After being whomped by North Carolina State, Georgia Southern (a 144-100 loser) and South Florida (lower by 125-88) had every reason to tell the Wolfpack "We can't go on meeting like this." Southern Coach J.E. Rowe, who felt the Pack deserved its No. 6 ranking in the wire-service polls, said, "I'd rate them right behind the Lakers, Bucks, Celtics, UCLA and a couple of others." Leading point getters for the North Carolinians in the two games were sophomore David Thompson (70) and 7'4" Center Tom Burleson (50).

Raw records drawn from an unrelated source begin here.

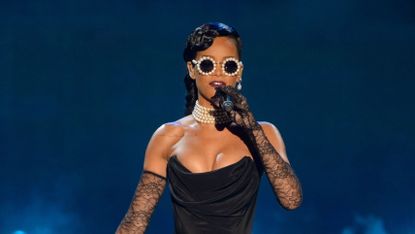 Rihanna performing in a dramatic black dress.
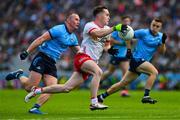 28 June 2025; Eoin McElholm of Tyrone in action against Ciarán Kilkenny of Dublin during the GAA Football All-Ireland Senior Championship quarter-final match between Dublin and Tyrone at Croke Park in Dublin. Photo by Ray McManus/Sportsfile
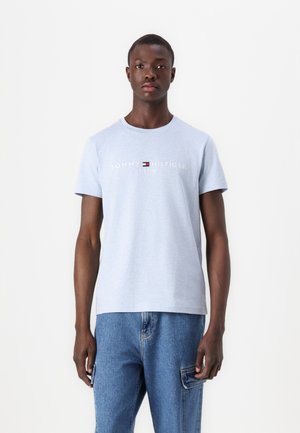 Tricou din bumbac de culoare bleu deschis, cu guler rotund, mâneci scurte și text brodat alb care spune "TOMMY HILFIGER EST. 1985" pe față.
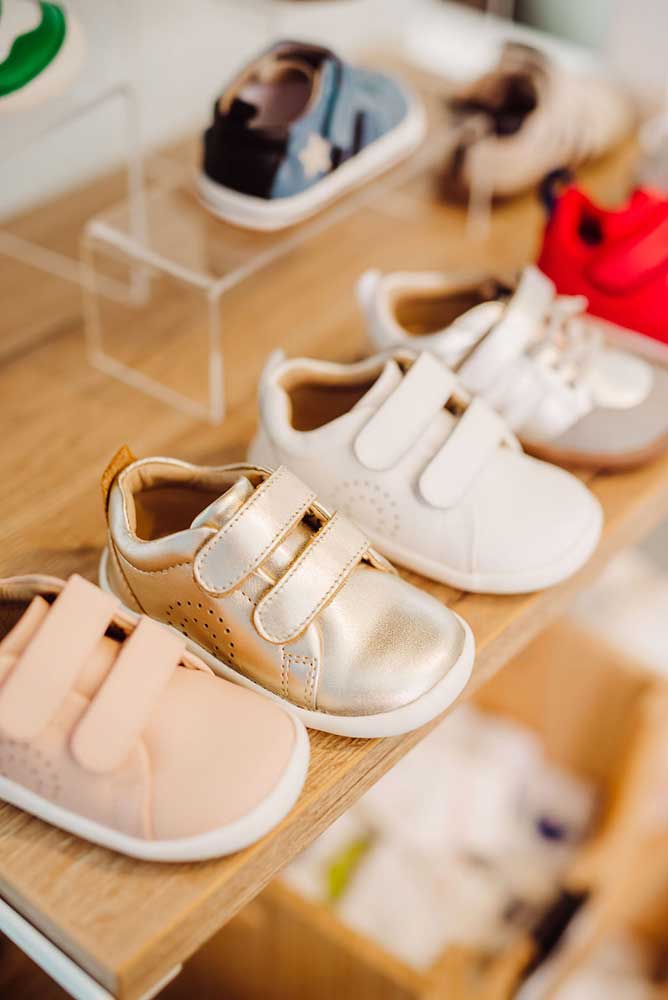Parent playing outdoors with toddler and young child in shoes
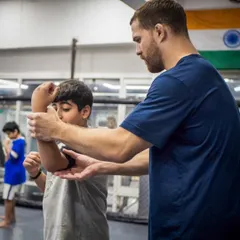 Personal attention makes all the difference. A coach fine-tunes a student's arm position, ensuring they not only learn the move but understand the mechanics behind it for effective self-defense.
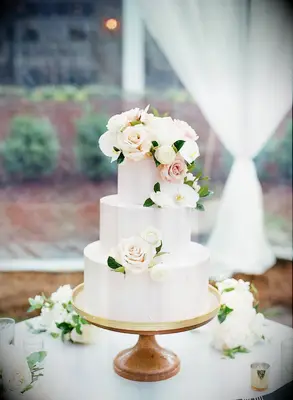 elegant three tier spring wedding cake decorated with pale pink buttercream, ivory flowers and pink roses
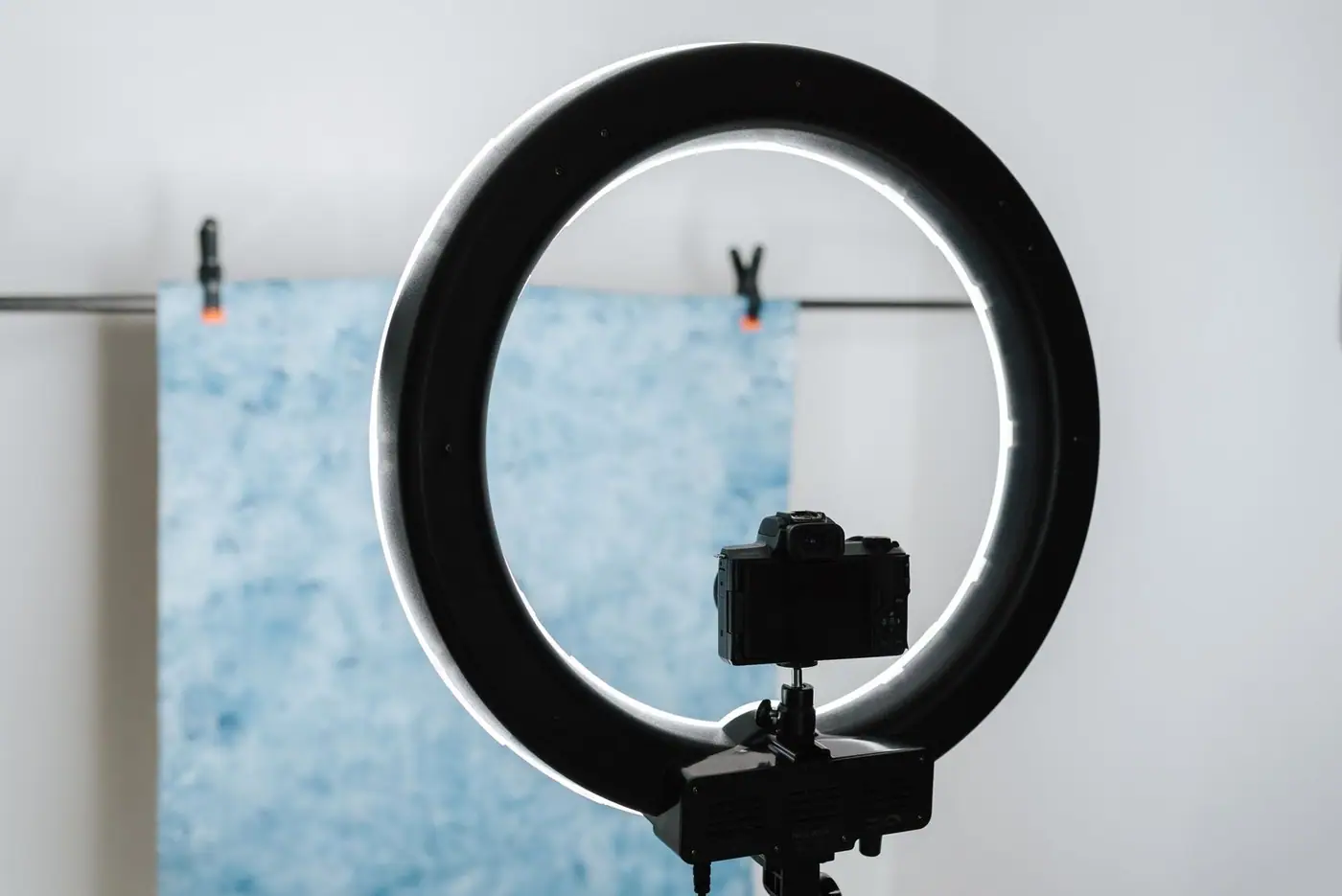 Contemporary photo camera and studio lamp prepared for a photo session in a professional studio
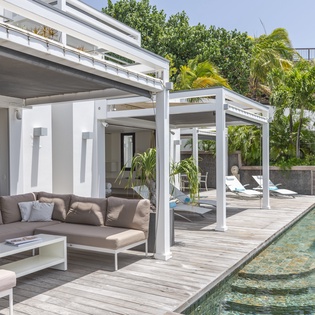 Your private poolside terrace invites you to lounge under a pergola surrounded by lush tropical palms and modern outdoor seating.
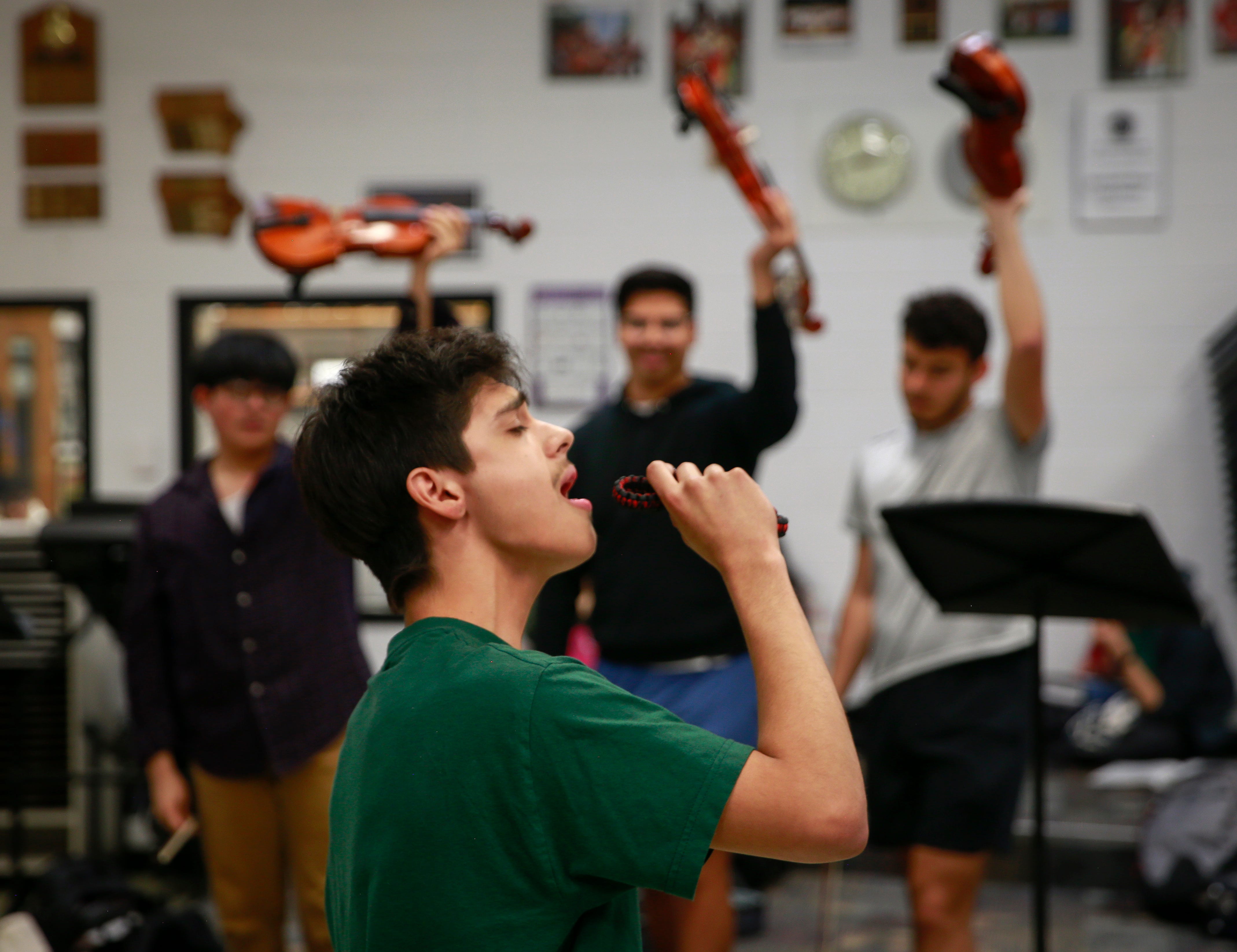 Denison High School senior Brian Ibarra, a member of the Mariachi Reyes del Oeste, the high school's top mariachi ensemble, sings during practice.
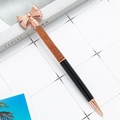 Rose gold bow metal ballpoint pen with gold glitter and elegant black barrel - Black (Rose Gold)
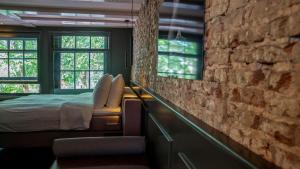 sypialnia z łóżkiem i ceglaną ścianą w obiekcie Hotel Frank since 1666 w Amsterdamie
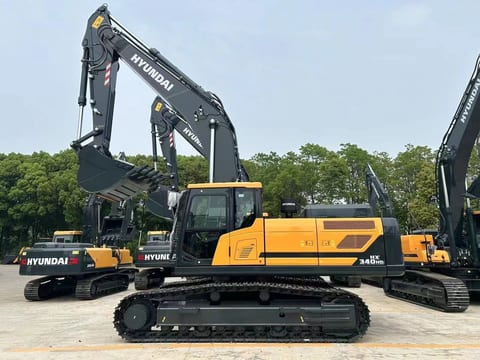2026 Hyundai HX340HD Crawler Excavator with a dark grey boom and arm extended forward, showing the bucket. 2026 Hyundai HX340HD Crawler Excavator with a dark grey boom and arm extended forward, showing the bucket.
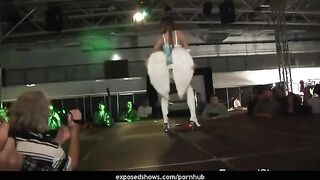 Hot brunette learns to striptease on the pole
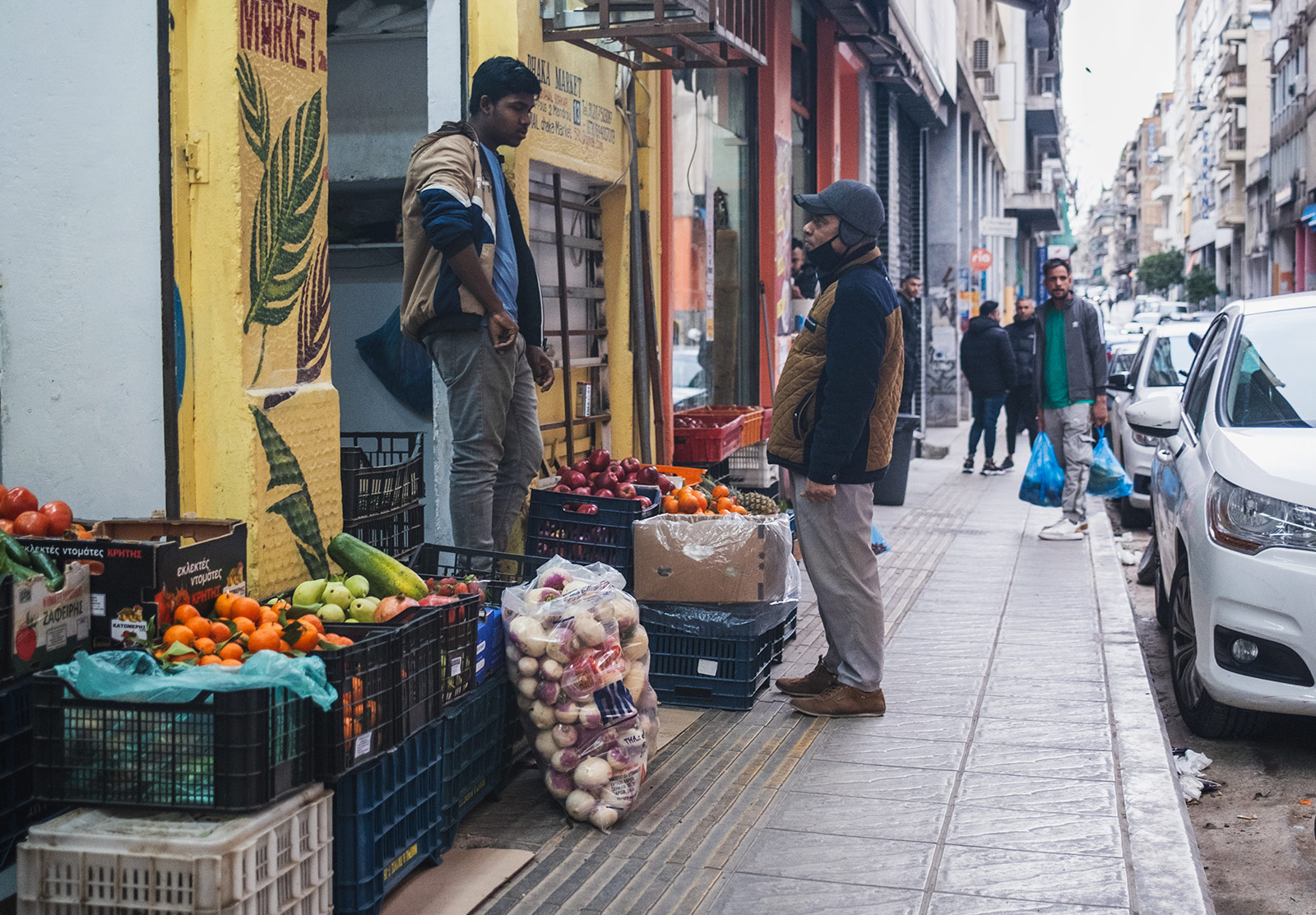 Shop owner talking to customer on the street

North Carolina got 28 points from sophomore Donald Washington to drub Dartmouth 128-86, but Washington broke a bone in his left foot as the Tar Heels struggled to beat Virginia Tech 96-82.

"That's going to be a great team. They're quicker than anyone we've seen in a long time." That was South Carolina Coach Frank McGuire's opinion—not about one of the top 20 teams in the nation or a fallen power on the rise again, but about Nevada at Las Vegas, a team with an 0-3 record. As good as Nevada may be, Coach John Bayer is operating like a high roller by testing his youngsters against a brutal schedule. Last week his boys lost to the Gamecocks 76-49 and to Texas Tech 67-53. The week before they lost to Southwestern Louisiana, and this week they face Oral Roberts and Hawaii. Such scheduling is enough to make even Bayer reach for an aspirin. Meanwhile, South Carolina further proved it was no slouch, beating Michigan State 83-64.

Southwestern Louisiana flew past Pan American 111-77 and cavorted its way to the Bayou Classic title at home by disposing of St. Joseph's 85-74 and Marshall 98-84. Even more impressive than the wins was Dwight Lamar, who curbed his gunning (he had a mere 89 points in three games) to devote more time to much-needed playmaking.

Succumbing to Virginia were VMI (85-67) and, after three straight wins, Wake Forest (75-62). Clemson had hopes when it took on Furman, but Tiger optimism was cast away as quickly as stale turnovers, 41 stale turnovers in fact, as they lost 83-69.

Florida State had little difficulty squelching Eastern Kentucky 87-70 or Biscayne 97-62 as Lawrence McCray scored 40 points.